What's needed is an exact copy of all the data below, without pictures.

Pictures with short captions
=-=-=
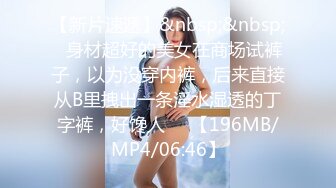 [MP4/ 1.16G]&nbsp;&nbsp;杰克探花，兼职小少妇，大胸粉嫩，死胖子喜欢打屁股，欣赏鲍鱼，妹子依然温柔配合百依百顺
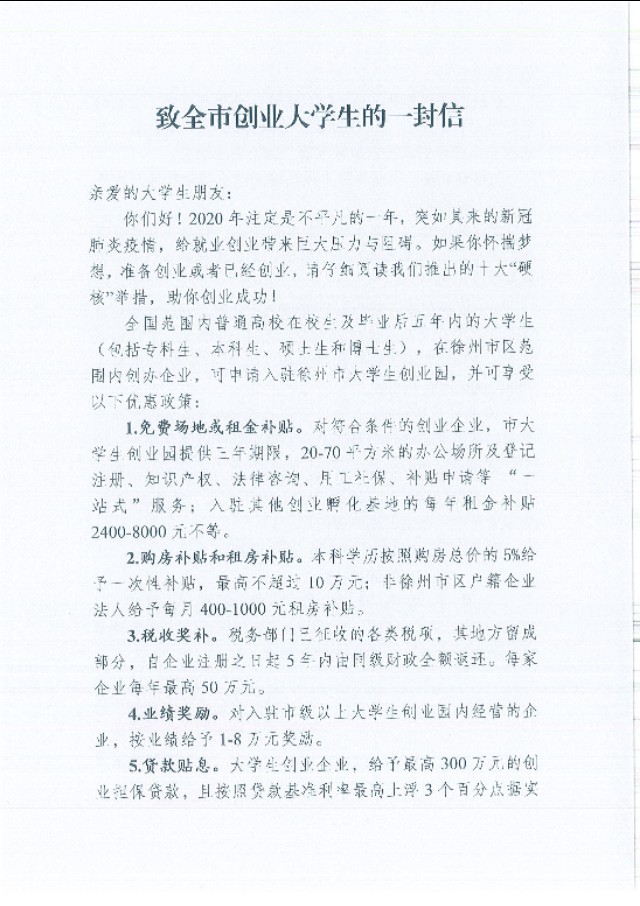徐州靠谱的产业扶持政策如何办理,徐州创业扶持政策有哪些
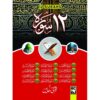 12 SURAH/ 12سورۃ مترجم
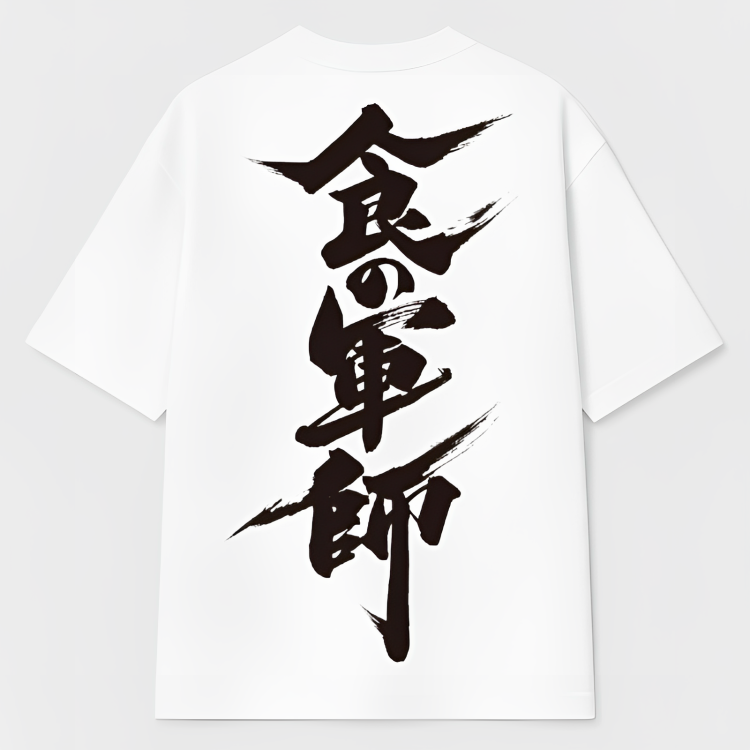 Kanji Oversized graphic tee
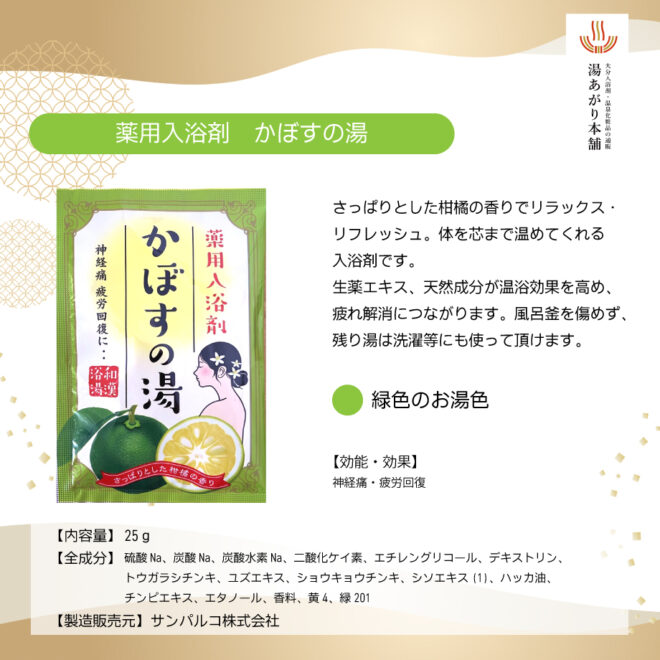 薬用入浴剤 かぼすの湯 25g×4包 | 別府温泉 湯あがり本舗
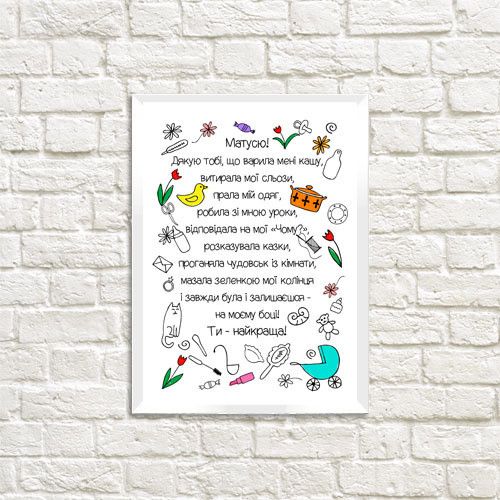 Постер в рамке Подяка матусі 30x42 см, A3 (WMT3_026_UKR)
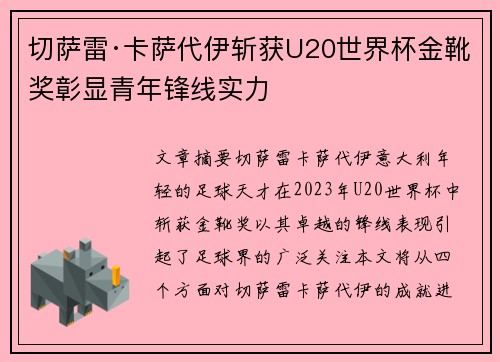 切萨雷·卡萨代伊斩获U20世界杯金靴奖彰显青年锋线实力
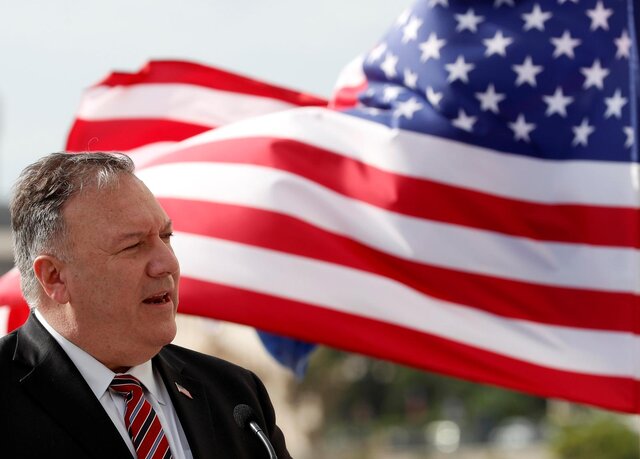 آمریکا رسما سودان را از لیست کشورهای 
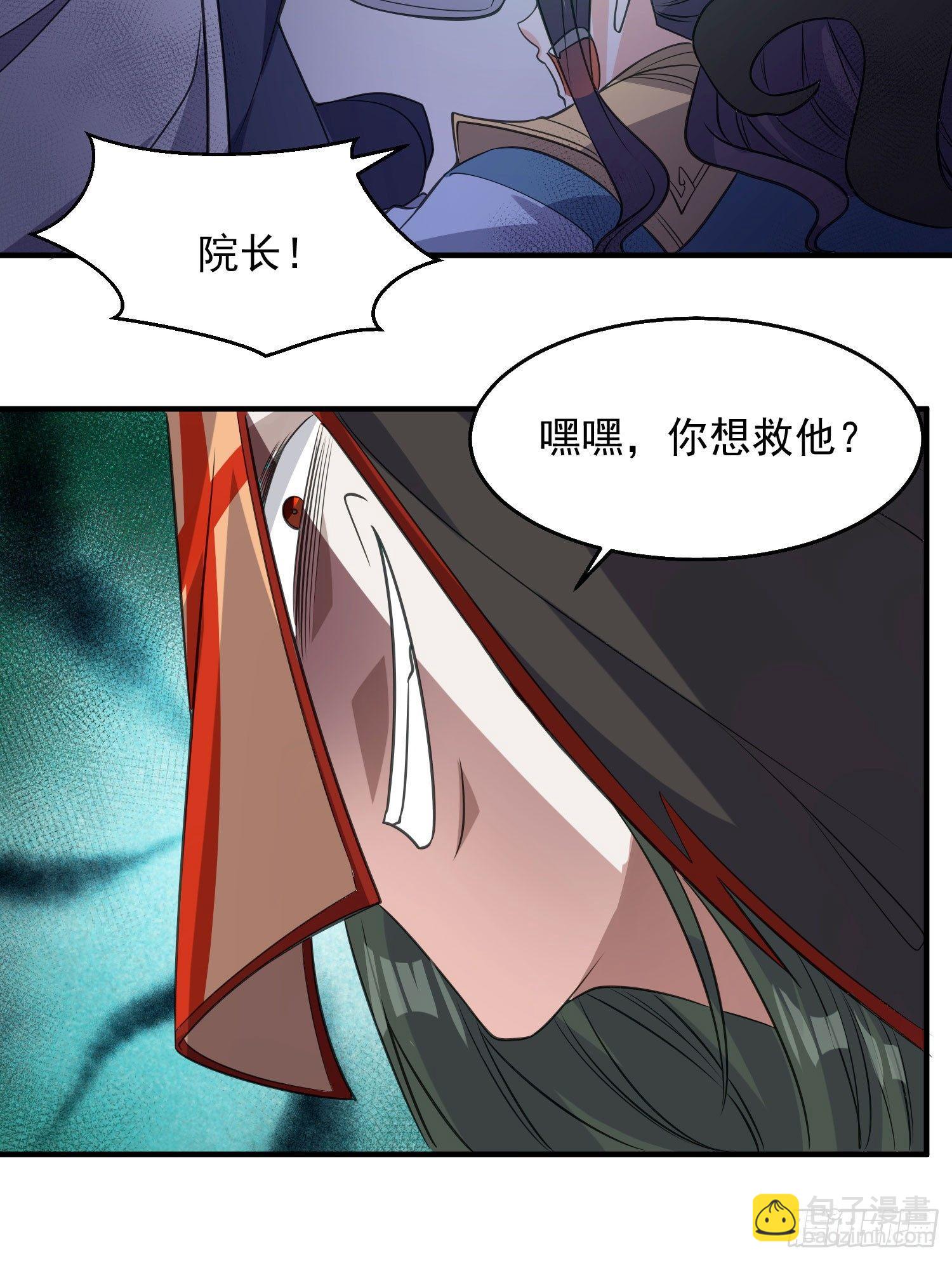 第17话 斩了那家伙17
=-=-=
Result for this task:
 [MP4/ 1.16G]&nbsp;&nbsp;杰克探花，兼职小少妇，大胸粉嫩，死胖子喜欢打屁股，欣赏鲍鱼，妹子依然温柔配合百依百顺
徐州靠谱的产业扶持政策如何办理,徐州创业扶持政策有哪些
 12 SURAH/ 12سورۃ مترجم
 Kanji Oversized graphic tee
 薬用入浴剤 かぼすの湯 25g×4包 | 別府温泉 湯あがり本舗
 Постер в рамке Подяка матусі 30x42 см, A3 (WMT3_026_UKR)
 切萨雷·卡萨代伊斩获U20世界杯金靴奖彰显青年锋线实力
 آمریکا رسما سودان را از لیست کشورهای 
 第17话 斩了那家伙17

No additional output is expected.